When Stardog is used to unify relational data sources, it facilitates powerful query and data management features. This post introduces Stardog’s virtual graph feature and explores how to access data from existing relational sources.
Stardog is based on the graph data model because graph is uniquely well-suited to solving unification problems due to its flexibility and expressivity. We believe declarative reasoning is key due to its unique ability to describe, map, and preserve the consistency of data.
Mapping and R2RML
Traditional data integration tools are based on the relational data model and employ vendor-specific mapping languages and methods. The difficulty arises when combining several sources, which were modeled differently and conform to independent sets of rules and constraints. First, a single shared data model has to represent a global view over the sources. Second, significant manipulation and cleansing are typically required to transform between the source and target schema as well as make the source data conform to a set of standardized rules.
Stardog supports the standard W3C R2RML mapping language for defining how data in a relational system maps to RDF graphs. In addition, we’ve created the Stardog Mapping Syntax to simplify the process of writing these mappings. Mappings of this sort specify the relationship between source data, i.e. relational data in the form of a table or SQL query, to target data, a graph of RDF triples. Once the mapping is created, Stardog seamlessly supports both federation (live query) and materialization (extraction) methods to access the relational data.
How to Map Relational Data into Stardog
Let’s look at some mappings and how they can be used in Stardog. We’ll first build a mapping and create a virtual graph in Stardog. Then we’ll show how it can be used for both federated queries and materialization (ETL).
We’ll use the classic RDBMS tables EMP
and DEPT
as given here. We’ll need to create an R2RML triples map per relation or table that we want to access in the form of triples. A triples map is comprised of three sections:
- a source “logical” relation/table
- a target subject map
- a set of target predicate-object maps.
Each row in the source table is used to create one triple for each predicate-object pair. The subject is fixed for all triples built from a single row.

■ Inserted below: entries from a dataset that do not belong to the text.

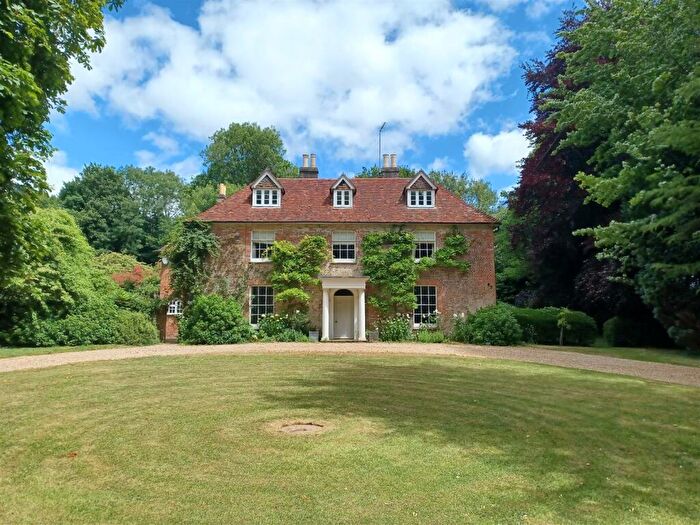 6 Bedroom Detached House To Rent In Newdown Farmhouse, Micheldever, SO21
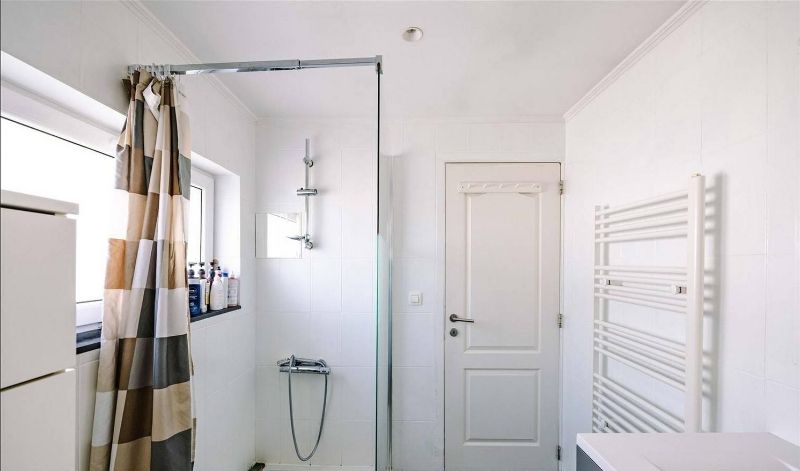 --- NIEUW --- Gezinswoning met garage en tuin in Merelbeke-Flora! foto 9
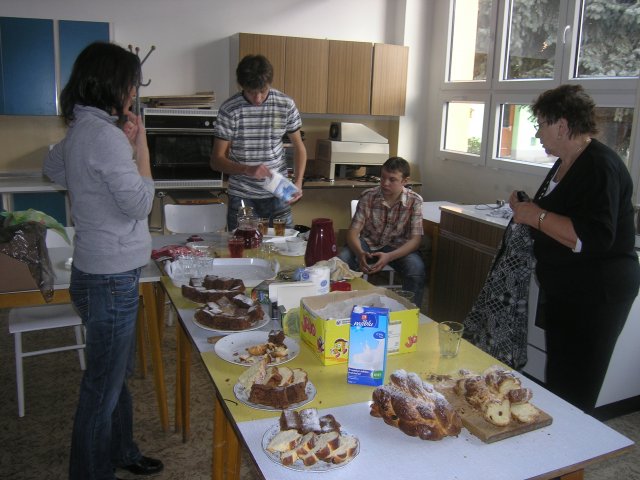 Vánoční dílna konaná v sobotu 27.11.2010  v prostorách školy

We can see the basic intuition by examining how a single row maps to a set of triples. We first need to define a triples map’s logical table and subject map:
<#TriplesMap1>
rr:logicalTable [ rr:tableName "EMP" ];
rr:subjectMap [
rr:template "http://data.example.com/employee/{EMPNO}";
rr:class ex:Employee;
];
This mapping says that we’ll use the EMP
table and that the subject of all triples created by rows in this table will be an IRI based on the template over the EMPNO
field. Conceptually, each row represents an employee where the EMPNO
field uniquely identifies the employee and the remaining fields (ENAME
, JOB
, DEPTNO
) are attributes of the employee.
Our mapping also specifies that an employee represented by a row in the table is a member of the ex:Employee
class in our RDF model. We’ll add to this two predicate-object maps indicating that two triples will be created for each row:
rr:predicateObjectMap [
rr:predicate ex:department;
rr:objectMap [ rr:template "http://data.example.com/department/{DEPTNO}" ];
];
rr:predicateObjectMap [
rr:predicate ex:name;
rr:objectMap [ rr:column "ENAME" ];
].
Finally, let’s take a look at the result of applying this mapping to a single row from the EMP
table. Given the row:
emp_no | ename | dept_no
--------|-------|---------
7369 | SMITH | 10
We can expect that three triples will be created:
<http://data.example.com/employee/7369> rdf:type ex:Employee.
<http://data.example.com/employee/7369> ex:name "SMITH".
<http://data.example.com/employee/7369> ex:department <http://data.example.com/department/10>.
Hopefully it’s clear how the triples are generated from the input row, given the R2RML mappings. Now let’s see how to use this type of mapping by creating a Stardog virtual graph.
Working with Virtual Graphs
Mapped relational sources are exposed in the same way as named graphs (i.e., subgraphs accessible by name) in the RDF model. The triples representing the source relational data are considered to be in a named graph that is not present (i.e., not materialized) in the local RDF graph; hence, we say that the named graph is virtual.
Think of the mappings as proxies for the data. With these proxies in the graph, and in a machine-understandable form that Stardog can process, we can turn them into the nodes and edges we need at any point: either eagerly (in an ETL fashion) or lazily (in a federated query fashion). Stardog thus subsumes the functionality of ETL, virtual/federated query, and system of record database in a single, coherent system based on declarative graphs.
So let’s create this virtual graph. In addition to the mappings, we need to specify the connection information to the source relational system. This is basically a JDBC URL and credentials. Rather than repeat it here, I’ll just link to the documentation.
To create the virtual graph dept
in Stardog, we first put the mappings in a file called dept.ttl
and the connection properties in a file called dept.properties
. We create the virtual graph from the command line as follows:
$ virtual add dept.properties dept.ttl
At this point, we can begin querying the relational data by way of the virtual graph just as easily as any other data loaded directly into Stardog.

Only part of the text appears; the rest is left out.